In planning stages, AI can synthesize inputs from multiple sources—customer requirements, regulatory constraints, and historical project data—to generate optimized deployment plans. It can propose timelines, identify critical path activities, and highlight potential dependencies that could affect delivery. This capability reduces reliance on manual planning spreadsheets and accelerates the convergence of design, finance, and operations teams around a shared, data-driven plan. In the execution phase, AI-driven workflows coordinate procurement, logistics, field assignments, and quality control tasks. Automated triggers can alert teams to schedule changes, supply shortages, or emerging risks, enabling rapid adaptation to changing circumstances while preserving schedule integrity.
A significant advantage of AI-driven workflows is improved cross-functional coordination. In traditional telecom deployments, misalignment between planning, procurement, site construction, and commissioning can lead to delays and cost overruns. An AI-enabled system provides a common, auditable record of decisions, responsibilities, and timelines. It also fosters accountability by making it easier to trace the origins of delays or issues to specific steps, teams, or external partners. This level of visibility supports continuous improvement, enabling Rakuten Mobile and its partners to refine processes, replicate success patterns, and scale best practices across multiple sites and markets.
The automation journey is not without challenges. Ensuring data quality, maintaining governance, and protecting sensitive information require robust security and compliance frameworks. Integrating AI tools with legacy systems and diverse stakeholder ecosystems presents technical and organizational hurdles. Rakuten Mobile has approached these challenges with a layered strategy that prioritizes data integrity, clear ownership of AI outputs, and transparent decision-making processes. This approach helps to mitigate risk while delivering the practical benefits of automation, such as faster cycles, higher consistency, and better forecasting accuracy for deployments.
Sustainability at the core: green slicing and energy-aware networks
Another distinctive pillar of Rakuten Mobile’s AI program is its emphasis on sustainability, particularly in the context of network slicing. The company has introduced the concept of green slicing—a form of energy-efficient network slicing designed to align performance with environmental goals and cost efficiency. In this framework, certain network slices are optimized not only for service quality and capacity but also for energy consumption, enabling operators to deliver adequate performance while reducing power usage. This approach resonates with a broader industry imperative to balance customer demands with environmental responsibility and long-term operational viability.
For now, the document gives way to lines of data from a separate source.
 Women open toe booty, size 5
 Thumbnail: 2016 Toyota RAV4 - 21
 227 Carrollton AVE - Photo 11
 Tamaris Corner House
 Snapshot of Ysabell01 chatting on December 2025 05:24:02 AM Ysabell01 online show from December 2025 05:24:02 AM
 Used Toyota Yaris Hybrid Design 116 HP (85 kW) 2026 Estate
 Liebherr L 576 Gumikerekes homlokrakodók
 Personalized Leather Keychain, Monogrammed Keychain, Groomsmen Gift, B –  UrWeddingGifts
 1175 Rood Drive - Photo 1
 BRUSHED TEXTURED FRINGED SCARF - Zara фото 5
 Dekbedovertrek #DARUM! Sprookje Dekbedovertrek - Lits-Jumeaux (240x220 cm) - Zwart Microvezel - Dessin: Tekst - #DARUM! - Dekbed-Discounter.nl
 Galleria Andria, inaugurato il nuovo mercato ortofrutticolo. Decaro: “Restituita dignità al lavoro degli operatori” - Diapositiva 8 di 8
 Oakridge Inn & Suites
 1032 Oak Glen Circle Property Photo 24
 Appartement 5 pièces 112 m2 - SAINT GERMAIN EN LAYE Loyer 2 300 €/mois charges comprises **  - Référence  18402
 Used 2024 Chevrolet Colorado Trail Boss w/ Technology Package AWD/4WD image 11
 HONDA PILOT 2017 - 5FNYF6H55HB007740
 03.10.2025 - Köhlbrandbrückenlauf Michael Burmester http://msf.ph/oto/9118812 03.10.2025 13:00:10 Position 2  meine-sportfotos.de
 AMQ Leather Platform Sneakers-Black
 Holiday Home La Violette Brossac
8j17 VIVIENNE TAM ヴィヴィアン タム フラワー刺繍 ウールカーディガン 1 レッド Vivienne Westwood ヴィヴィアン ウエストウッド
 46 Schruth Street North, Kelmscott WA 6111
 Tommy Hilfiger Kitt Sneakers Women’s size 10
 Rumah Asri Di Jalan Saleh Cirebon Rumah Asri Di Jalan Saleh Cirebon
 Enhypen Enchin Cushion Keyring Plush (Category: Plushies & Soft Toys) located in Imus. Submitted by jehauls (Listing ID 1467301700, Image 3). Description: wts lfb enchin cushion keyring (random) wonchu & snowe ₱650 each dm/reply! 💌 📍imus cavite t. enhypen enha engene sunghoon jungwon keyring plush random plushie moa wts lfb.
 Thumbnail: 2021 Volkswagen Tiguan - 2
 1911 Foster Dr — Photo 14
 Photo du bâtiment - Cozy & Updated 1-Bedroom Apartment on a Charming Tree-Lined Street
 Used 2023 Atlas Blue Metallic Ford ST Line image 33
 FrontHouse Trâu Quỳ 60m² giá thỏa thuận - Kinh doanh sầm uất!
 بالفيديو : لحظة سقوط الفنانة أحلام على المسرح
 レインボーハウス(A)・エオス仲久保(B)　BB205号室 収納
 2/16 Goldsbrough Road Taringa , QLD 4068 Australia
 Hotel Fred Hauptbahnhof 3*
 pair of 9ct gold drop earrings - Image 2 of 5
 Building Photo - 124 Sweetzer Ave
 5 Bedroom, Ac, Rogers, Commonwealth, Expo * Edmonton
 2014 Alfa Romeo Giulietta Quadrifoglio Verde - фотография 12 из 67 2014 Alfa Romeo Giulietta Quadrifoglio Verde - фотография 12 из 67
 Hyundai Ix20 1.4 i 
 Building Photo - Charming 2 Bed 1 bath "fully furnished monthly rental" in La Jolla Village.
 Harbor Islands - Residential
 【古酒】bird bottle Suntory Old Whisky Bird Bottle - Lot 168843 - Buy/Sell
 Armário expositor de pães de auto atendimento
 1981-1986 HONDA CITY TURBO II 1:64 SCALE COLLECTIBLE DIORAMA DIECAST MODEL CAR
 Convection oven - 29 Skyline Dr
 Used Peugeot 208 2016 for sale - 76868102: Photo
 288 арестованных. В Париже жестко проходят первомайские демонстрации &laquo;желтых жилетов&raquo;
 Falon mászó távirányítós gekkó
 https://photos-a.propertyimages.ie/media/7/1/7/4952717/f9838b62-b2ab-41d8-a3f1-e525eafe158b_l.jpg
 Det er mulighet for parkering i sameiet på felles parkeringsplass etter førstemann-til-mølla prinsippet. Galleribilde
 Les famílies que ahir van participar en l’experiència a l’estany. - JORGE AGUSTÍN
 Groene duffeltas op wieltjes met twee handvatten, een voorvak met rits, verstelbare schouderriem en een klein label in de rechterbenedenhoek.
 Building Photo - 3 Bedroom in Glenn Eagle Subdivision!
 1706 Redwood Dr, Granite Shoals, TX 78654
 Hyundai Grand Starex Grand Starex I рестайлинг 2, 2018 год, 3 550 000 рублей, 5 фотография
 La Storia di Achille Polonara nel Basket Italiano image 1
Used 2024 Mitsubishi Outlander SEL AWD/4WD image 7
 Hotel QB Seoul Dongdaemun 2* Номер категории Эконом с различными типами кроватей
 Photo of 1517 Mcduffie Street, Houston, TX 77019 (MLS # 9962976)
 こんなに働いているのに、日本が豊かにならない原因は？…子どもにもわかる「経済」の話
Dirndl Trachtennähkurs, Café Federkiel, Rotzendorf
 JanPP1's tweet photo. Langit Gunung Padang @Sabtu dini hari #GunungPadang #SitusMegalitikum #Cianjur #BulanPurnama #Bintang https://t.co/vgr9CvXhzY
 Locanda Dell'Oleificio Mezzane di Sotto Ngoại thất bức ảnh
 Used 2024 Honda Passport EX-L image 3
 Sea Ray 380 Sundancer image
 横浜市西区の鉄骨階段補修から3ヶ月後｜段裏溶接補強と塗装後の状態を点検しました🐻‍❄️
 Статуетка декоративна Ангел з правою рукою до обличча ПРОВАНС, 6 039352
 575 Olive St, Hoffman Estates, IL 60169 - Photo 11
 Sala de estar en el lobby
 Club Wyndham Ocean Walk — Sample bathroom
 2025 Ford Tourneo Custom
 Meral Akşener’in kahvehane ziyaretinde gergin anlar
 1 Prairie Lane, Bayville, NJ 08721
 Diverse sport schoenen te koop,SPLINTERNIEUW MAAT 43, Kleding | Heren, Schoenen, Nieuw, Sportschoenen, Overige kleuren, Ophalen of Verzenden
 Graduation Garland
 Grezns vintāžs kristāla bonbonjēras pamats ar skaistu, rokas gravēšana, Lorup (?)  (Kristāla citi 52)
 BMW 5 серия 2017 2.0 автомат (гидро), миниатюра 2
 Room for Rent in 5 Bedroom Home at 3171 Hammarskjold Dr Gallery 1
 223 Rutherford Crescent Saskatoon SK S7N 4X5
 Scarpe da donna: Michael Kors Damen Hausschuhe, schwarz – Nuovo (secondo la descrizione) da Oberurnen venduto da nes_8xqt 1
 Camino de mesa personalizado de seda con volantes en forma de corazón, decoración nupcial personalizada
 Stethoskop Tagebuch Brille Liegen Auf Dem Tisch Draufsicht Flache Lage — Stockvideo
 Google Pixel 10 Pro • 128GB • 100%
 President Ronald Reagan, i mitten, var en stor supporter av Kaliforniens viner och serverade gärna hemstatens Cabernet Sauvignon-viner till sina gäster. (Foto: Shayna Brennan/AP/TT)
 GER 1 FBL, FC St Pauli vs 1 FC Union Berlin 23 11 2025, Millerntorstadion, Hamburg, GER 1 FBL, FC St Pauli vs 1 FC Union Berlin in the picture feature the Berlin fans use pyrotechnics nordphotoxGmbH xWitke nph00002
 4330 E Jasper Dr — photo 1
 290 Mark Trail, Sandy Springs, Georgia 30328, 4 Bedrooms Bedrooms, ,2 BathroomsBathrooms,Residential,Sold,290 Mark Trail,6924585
Rakuten Mobile positions green slicing as a response to the dual drivers of operational cost pressure and sustainability expectations from customers, regulators, and society at large. By engineering energy-aware slices, the company seeks to demonstrate that high-performance networks can be delivered in a manner that minimizes waste and reduces carbon footprints. The concept aligns with the autonomous network journey that many operators are pursuing, in which intelligent orchestration and optimization lead to more efficient resource utilization across the network—without sacrificing the user experience.
From a technical perspective, green slicing involves careful coordination of compute resources, radio access network (RAN) configurations, and power management strategies. It requires sophisticated analytics to monitor energy consumption, performance metrics, and usage patterns, enabling dynamic adjustments to slice parameters in line with real-time conditions. In practice, this translates into adaptive power allocation, selective activation of network components, and intelligent scaling of services based on demand. Rakuten Mobile’s AI-driven approach seeks to automate these decisions, ensuring that energy efficiency is not a manual afterthought but an intrinsic characteristic of the network’s operation.
The sustainability narrative also extends to broader environmental goals, such as reducing emissions associated with site operations, equipment heating, and cooling. AI-enabled optimization can contribute to smarter cooling strategies, predictive maintenance that prevents losses due to equipment failure, and more efficient deployment practices that minimize material waste. By integrating environmental objectives with performance and reliability goals, Rakuten Mobile is illustrating how AI can drive a holistic improvement in network economics and ecological impact.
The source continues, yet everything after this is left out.